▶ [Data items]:

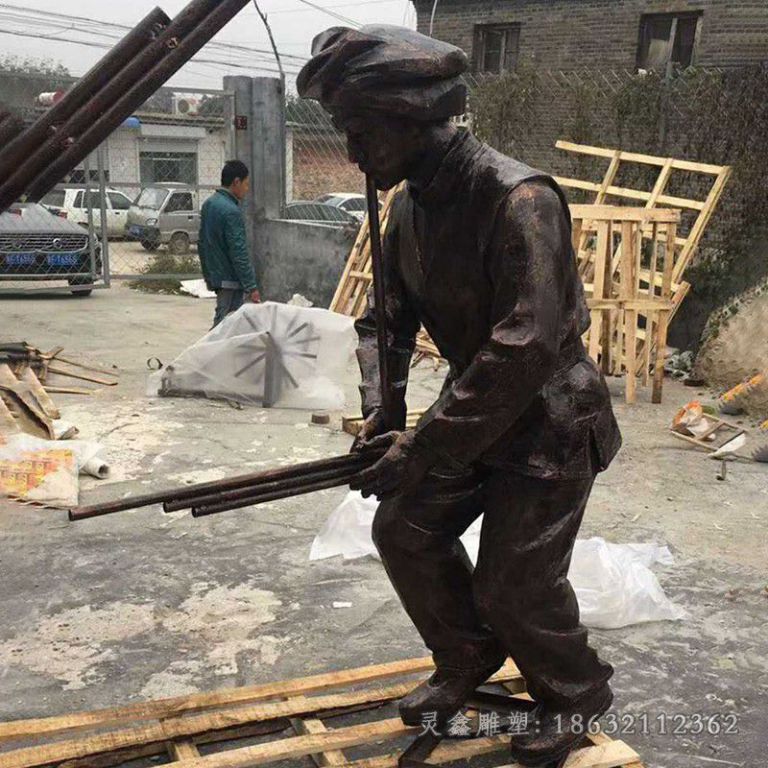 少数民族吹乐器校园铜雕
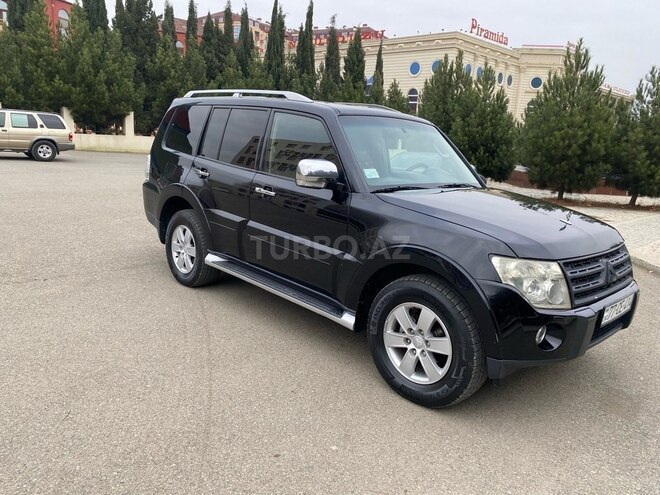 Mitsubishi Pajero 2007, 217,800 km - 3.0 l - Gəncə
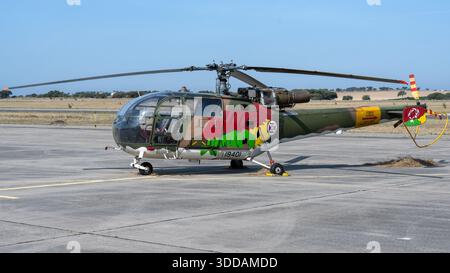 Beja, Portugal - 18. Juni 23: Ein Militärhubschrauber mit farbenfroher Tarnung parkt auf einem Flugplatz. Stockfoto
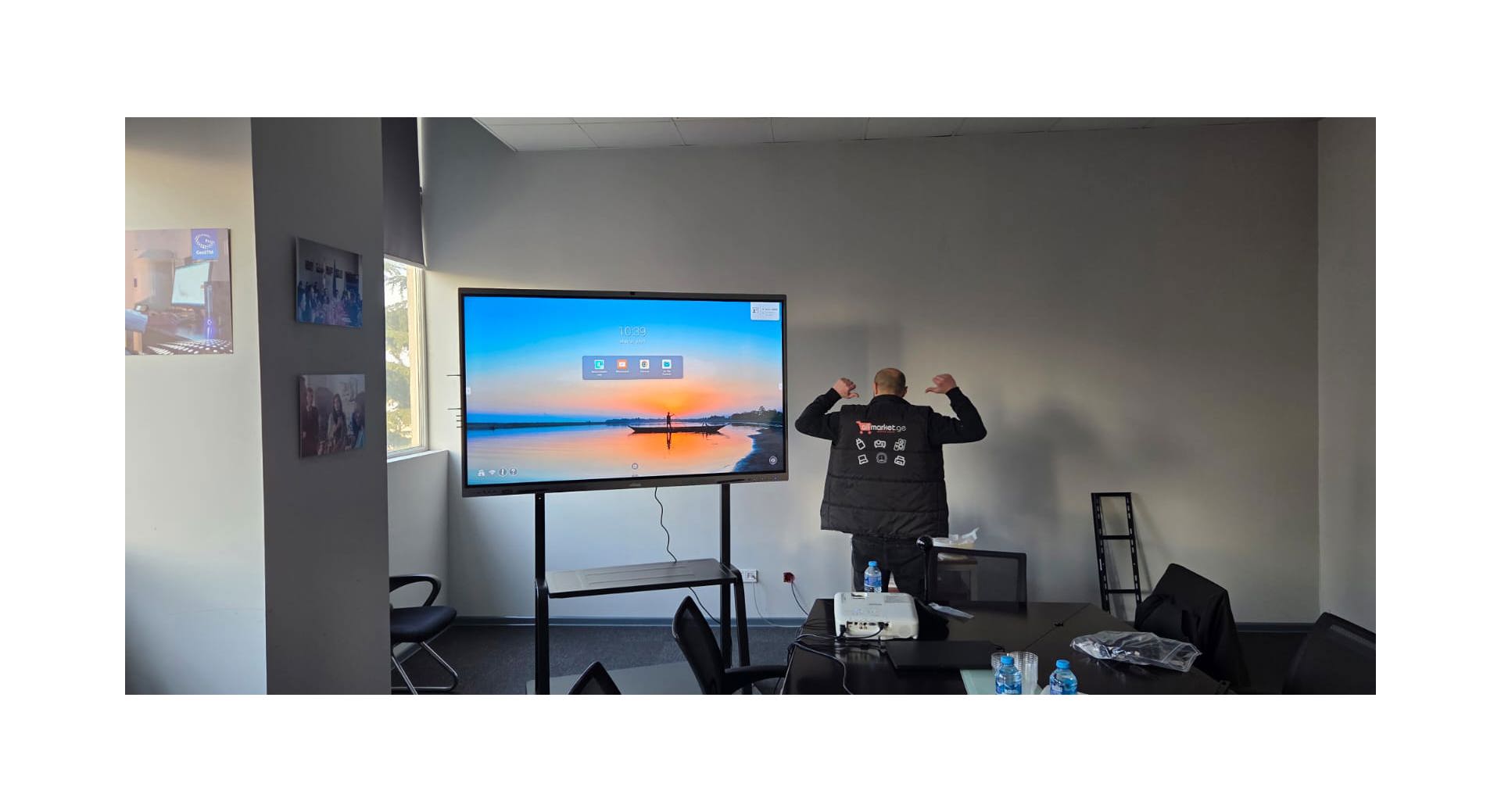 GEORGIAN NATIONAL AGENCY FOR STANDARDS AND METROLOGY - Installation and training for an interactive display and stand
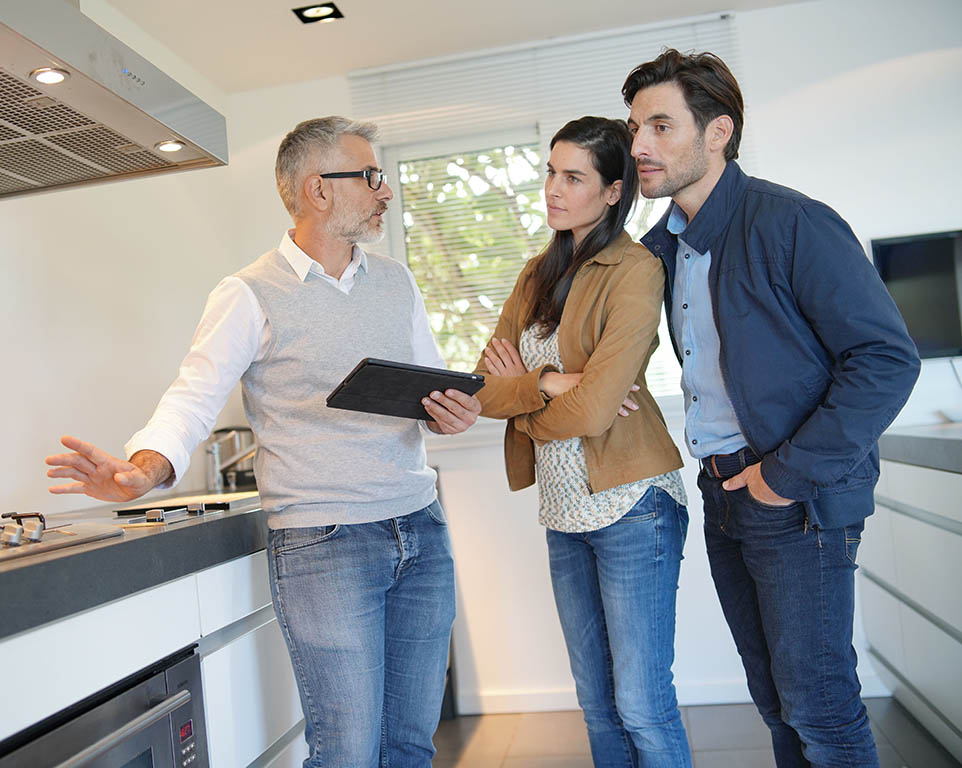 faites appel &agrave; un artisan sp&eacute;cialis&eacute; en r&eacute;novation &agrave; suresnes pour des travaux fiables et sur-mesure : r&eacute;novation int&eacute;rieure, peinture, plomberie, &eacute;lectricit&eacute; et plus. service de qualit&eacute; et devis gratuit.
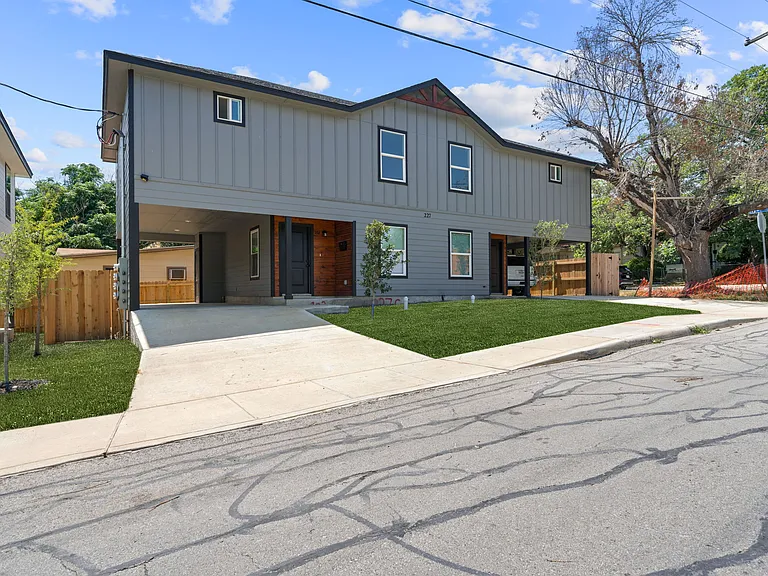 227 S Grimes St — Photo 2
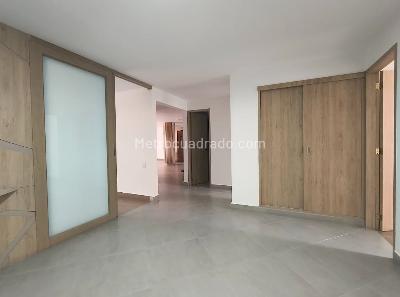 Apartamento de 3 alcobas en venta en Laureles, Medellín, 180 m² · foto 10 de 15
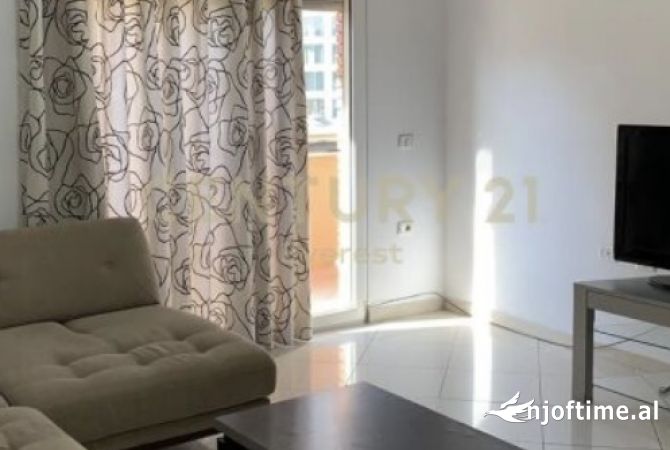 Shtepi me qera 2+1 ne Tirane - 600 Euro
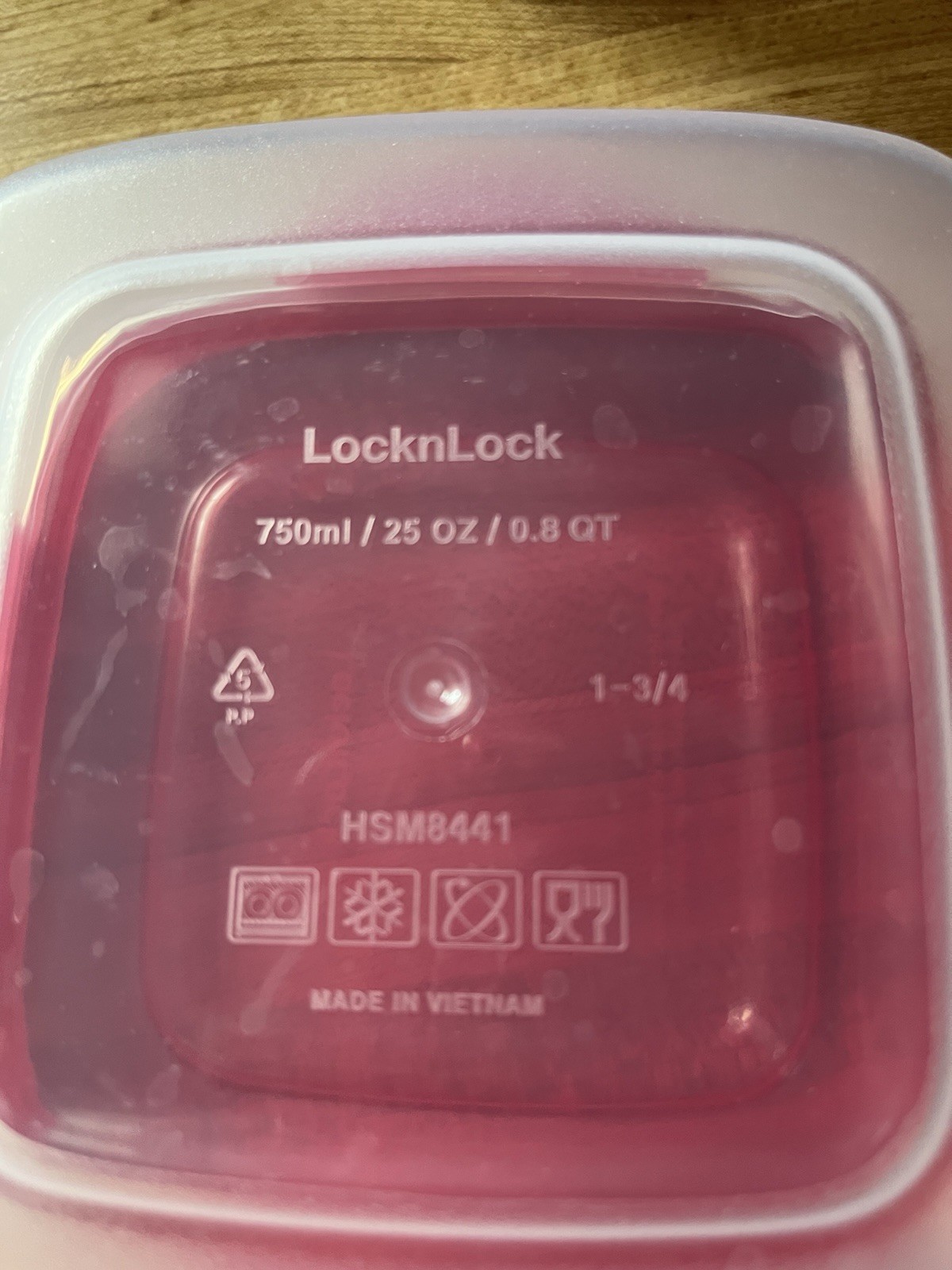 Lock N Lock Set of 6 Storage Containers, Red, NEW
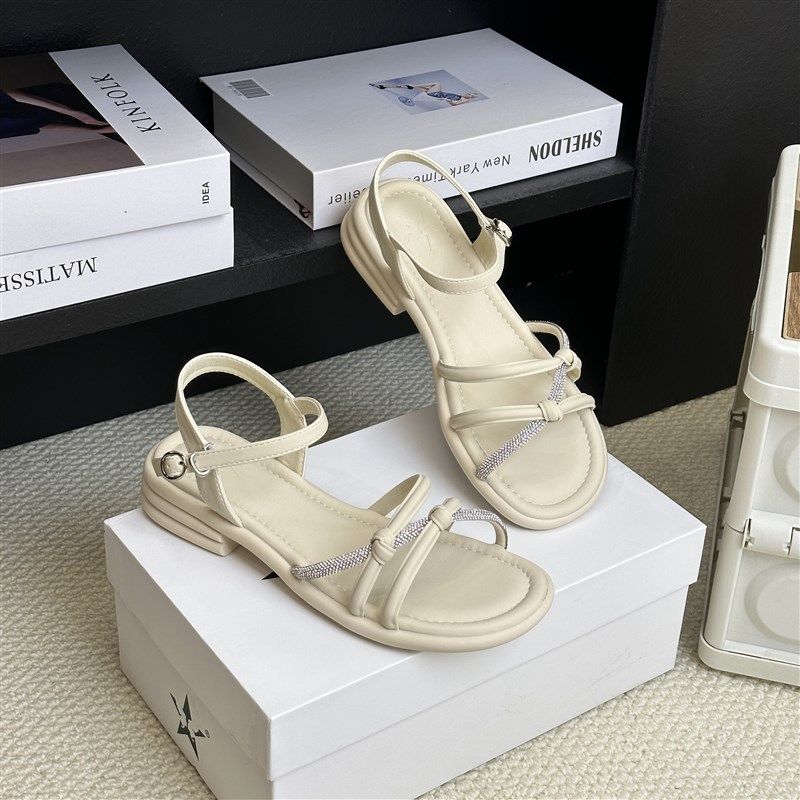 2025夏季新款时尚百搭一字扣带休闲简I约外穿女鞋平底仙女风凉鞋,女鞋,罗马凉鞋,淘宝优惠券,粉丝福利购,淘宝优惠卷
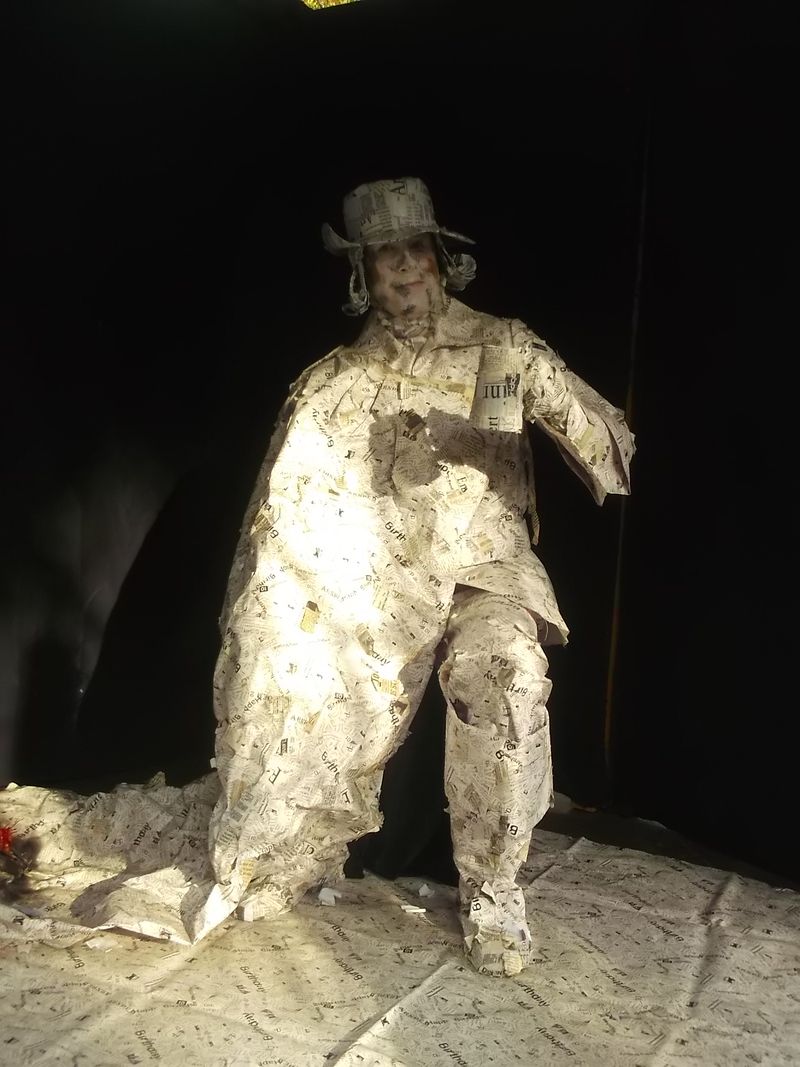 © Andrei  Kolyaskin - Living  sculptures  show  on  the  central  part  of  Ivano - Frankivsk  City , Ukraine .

▶ [ASSIGNMENT]:
No picture is to be printed. Output exactly the lines above from the line containing "Beja, Portugal - 18." through the line containing "GEORGIAN NATIONAL AGENCY".

▶ [PROBLEM SOLUTION]:
 Beja, Portugal - 18. Juni 23: Ein Militärhubschrauber mit farbenfroher Tarnung parkt auf einem Flugplatz. Stockfoto
 GEORGIAN NATIONAL AGENCY FOR STANDARDS AND METROLOGY - Installation and training for an interactive display and stand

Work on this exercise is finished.